▸ **The input**
Content starts
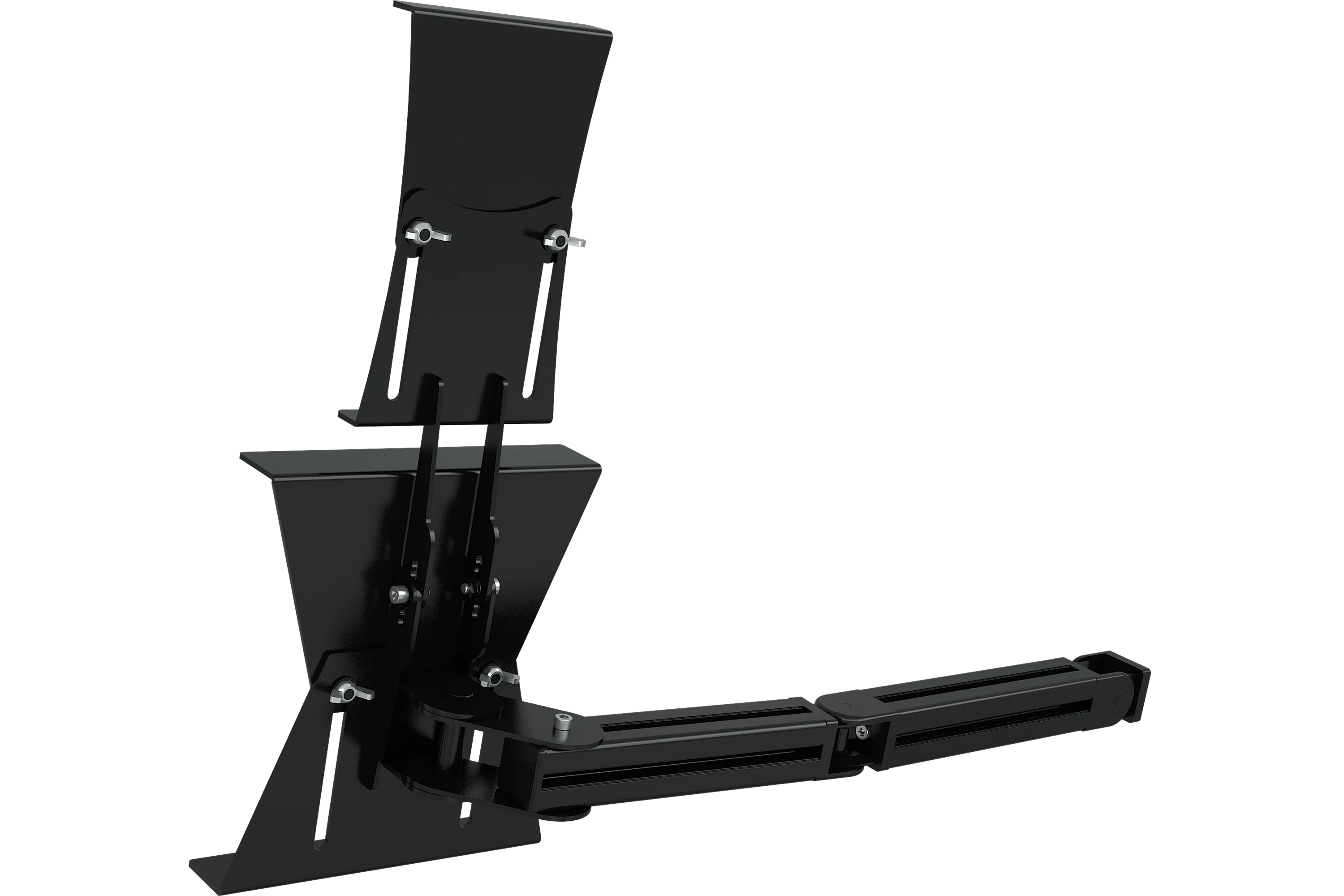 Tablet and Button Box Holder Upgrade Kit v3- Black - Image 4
Content ends
Content starts
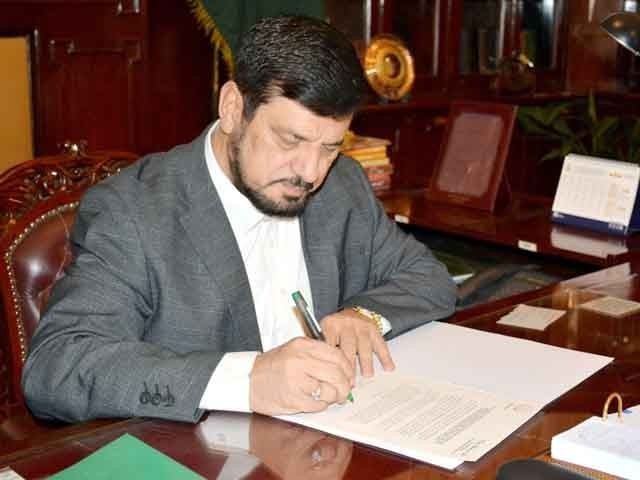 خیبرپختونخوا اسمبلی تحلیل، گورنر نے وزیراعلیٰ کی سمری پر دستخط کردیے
Content ends
Content starts
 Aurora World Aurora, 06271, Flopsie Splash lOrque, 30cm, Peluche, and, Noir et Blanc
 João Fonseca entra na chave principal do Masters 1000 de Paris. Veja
Content ends
▸ **Required action**
Take the lines above from the one containing "Aurora World Aurora, 06271, Flopsie" down to the one containing "João Fonseca entra", and transcribe them exactly, both ends included.

▸ **Exercise answer**
 Aurora World Aurora, 06271, Flopsie Splash lOrque, 30cm, Peluche, and, Noir et Blanc
 João Fonseca entra na chave principal do Masters 1000 de Paris. Veja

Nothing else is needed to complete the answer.